◆ Supplied information:

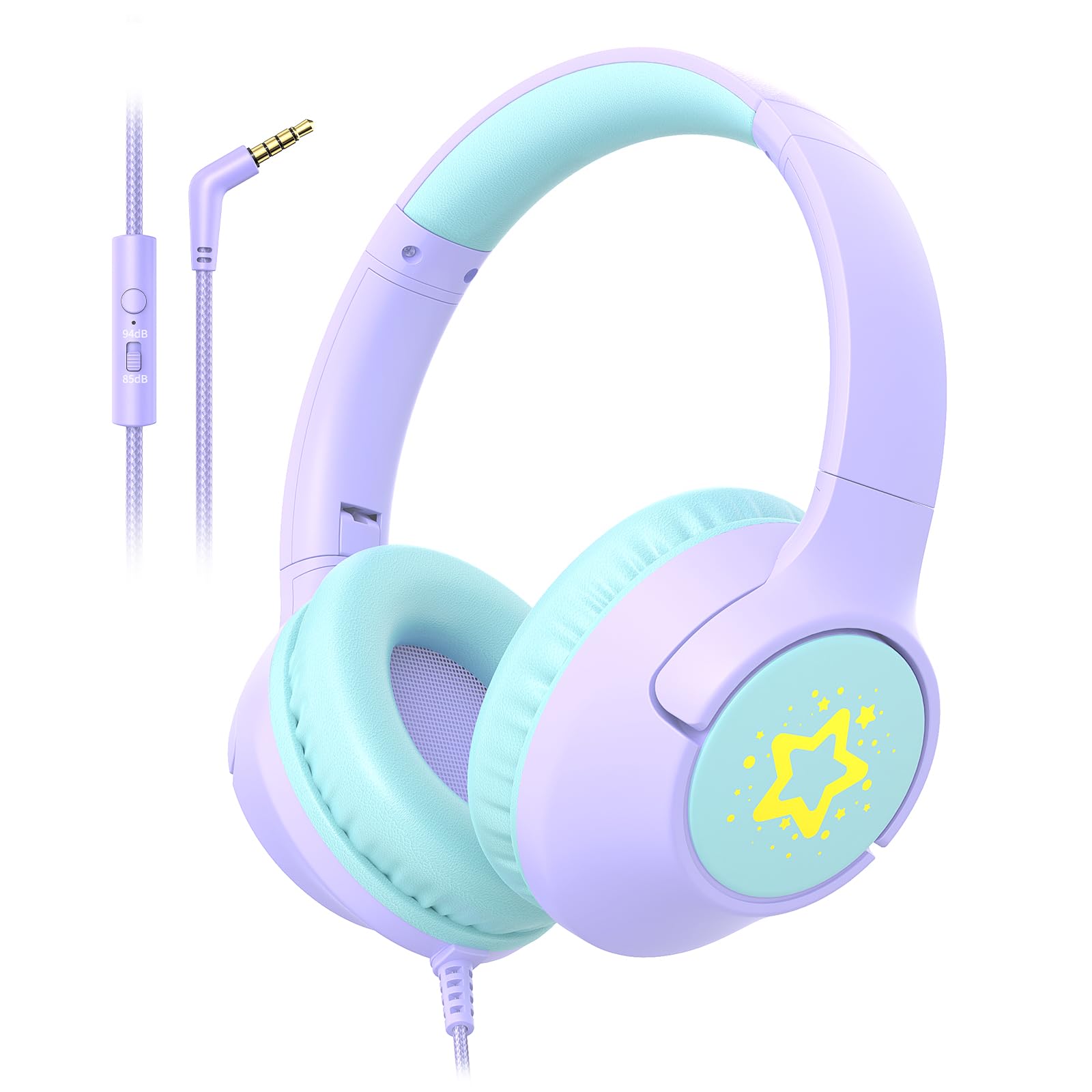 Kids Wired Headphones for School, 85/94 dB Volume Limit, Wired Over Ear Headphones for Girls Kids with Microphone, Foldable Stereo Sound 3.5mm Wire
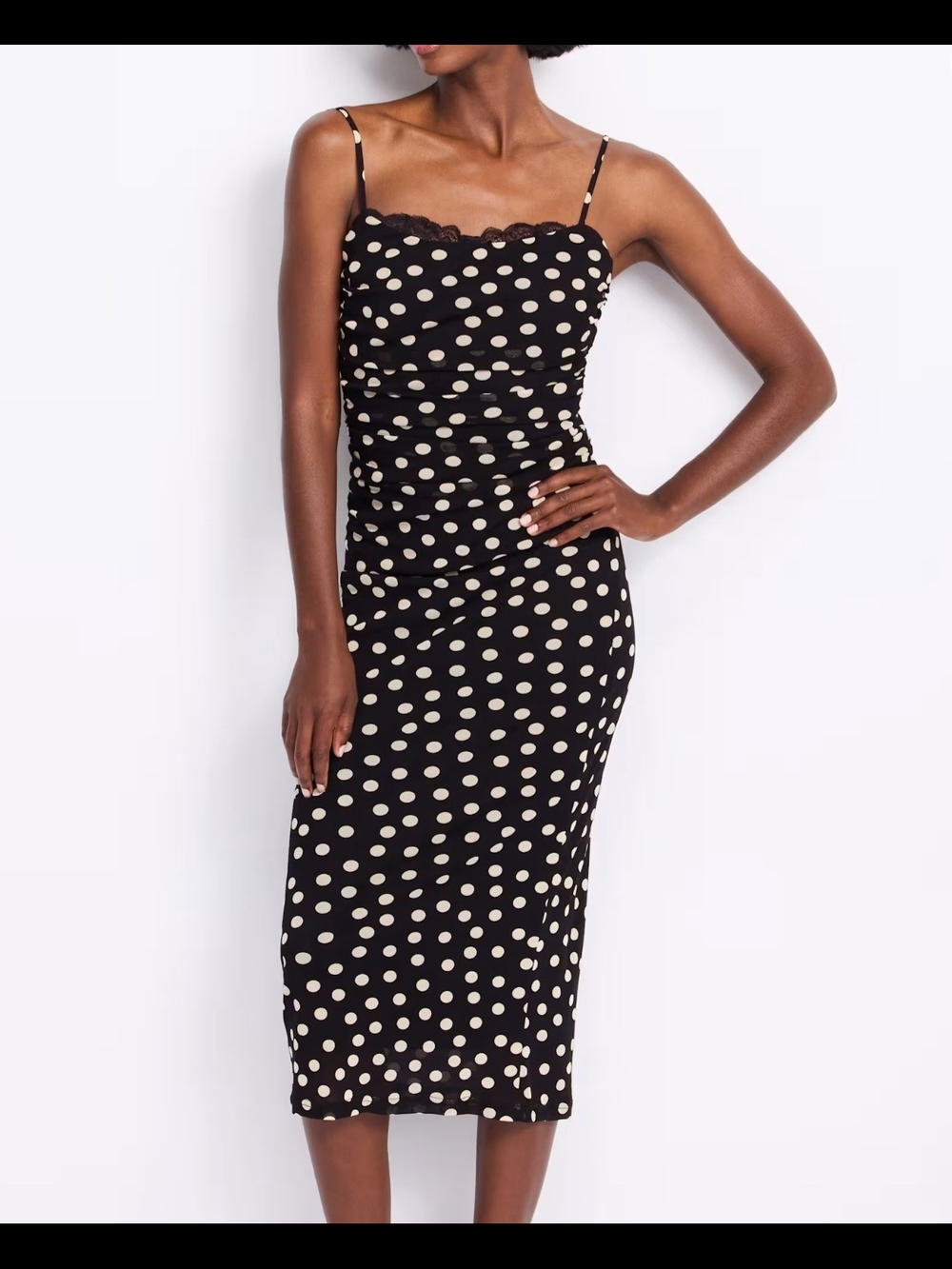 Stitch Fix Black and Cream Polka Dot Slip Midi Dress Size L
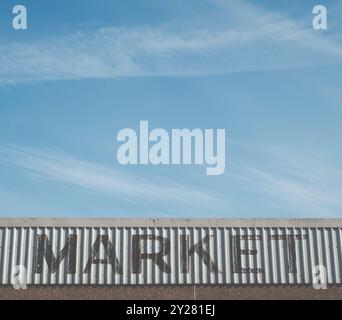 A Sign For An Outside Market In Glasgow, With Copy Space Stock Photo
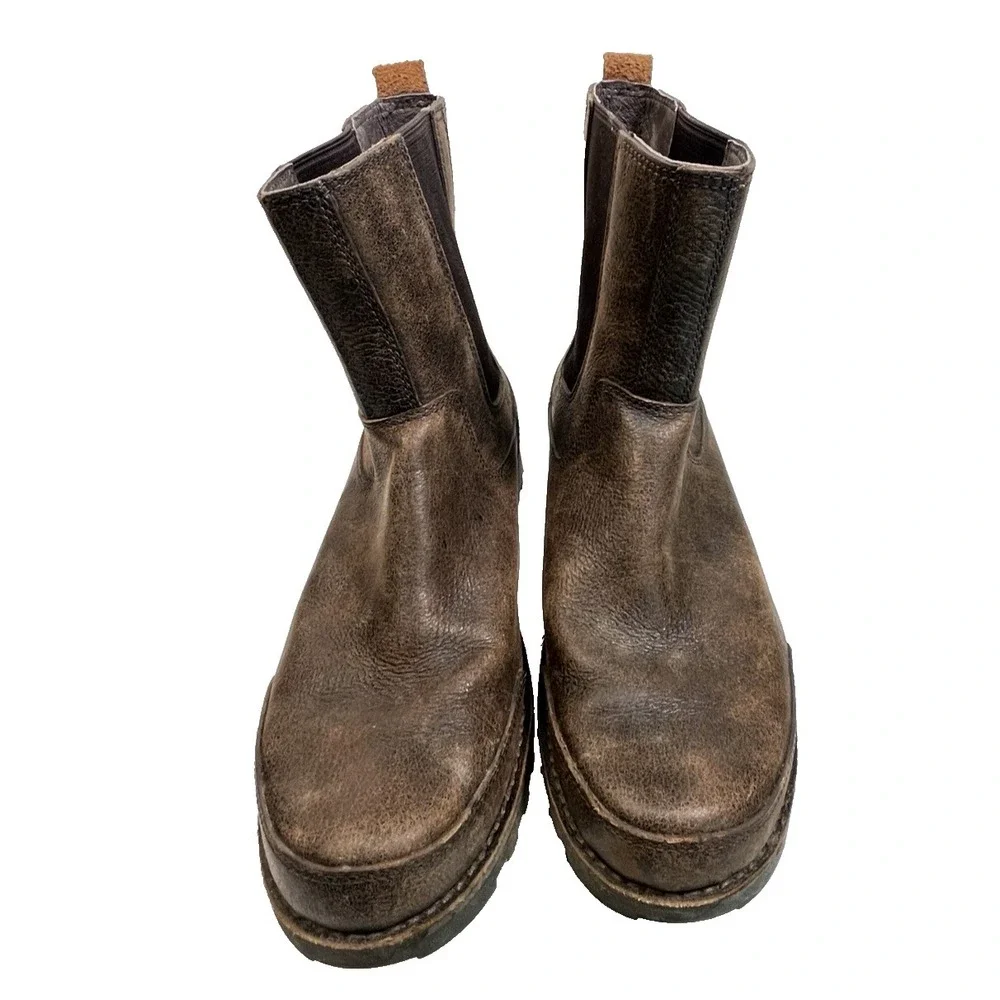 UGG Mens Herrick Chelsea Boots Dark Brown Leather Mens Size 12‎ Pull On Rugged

◆ How to complete this task:
In the listing, find the line with "Stitch Fix Black" and retype exactly from there through the last line, both included, leaving the pictures out.

◆ Answer space:
 Stitch Fix Black and Cream Polka Dot Slip Midi Dress Size L
 A Sign For An Outside Market In Glasgow, With Copy Space Stock Photo
 UGG Mens Herrick Chelsea Boots Dark Brown Leather Mens Size 12‎ Pull On Rugged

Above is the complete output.